The OACE offers more than 900 classes for adults age 21 and over. It operates four Adult Learning Centers in Brooklyn, Manhattan, Queens, and the Bronx and offers day and evening classes at more than 175 sites in all five boroughs, including public schools, community centers, and faith-based organizations.
In working with the OACE to develop each component of the IT system, Metis combined technical and field-based expertise with an understanding of the agency's need for a highly functional and useful system. In early 2011, Metis completed the first component, which is being used by an innovative cross-agency program called Bridge for Tomorrow. This program, run jointly by Small Business Services (SBS) and the Department of Education, was begun because many people who seek jobs at SBS's career centers have less than a high school diploma and find that their employment opportunities are very limited, particularly in today's economy. Bridge for Tomorrow, which is funded by the New York City Council, helps job seekers understand that educational attainment is the best path to employment and helps them to prepare for and take the GED exam. The IT system that Metis developed automates the enrollment of job-seekers into GED preparation programs, tracks the participant flow along each step of the program, and monitors GED class completion, test scheduling, test results, and participant job training and employment.
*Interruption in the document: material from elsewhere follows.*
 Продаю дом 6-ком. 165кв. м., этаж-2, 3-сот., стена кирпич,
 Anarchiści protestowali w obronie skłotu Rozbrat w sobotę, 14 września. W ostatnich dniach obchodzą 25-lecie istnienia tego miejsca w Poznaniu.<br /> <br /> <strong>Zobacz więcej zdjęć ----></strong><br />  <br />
A second component of the IT system, the GED Testing Navigation System, was completed later in 2011. This system automates the previously manual GED application and scheduling processes. Metis worked with OACE staff to expand and network this system, increasing its capacity to handle GED applications in OACE and public locations and creating web access to the database. In the next phase of the project, both of these components will be integrated into a larger system that addresses the OACE's significant federal reporting requirements as well as its own desire for insightful, in-depth analysis of its programs' impact. The IT system will allow for analysis of data that incorporates test-takers' demographic information with their number of hours and types of preparatory instruction and their test scores—data that will help the OACE continually improve its programming.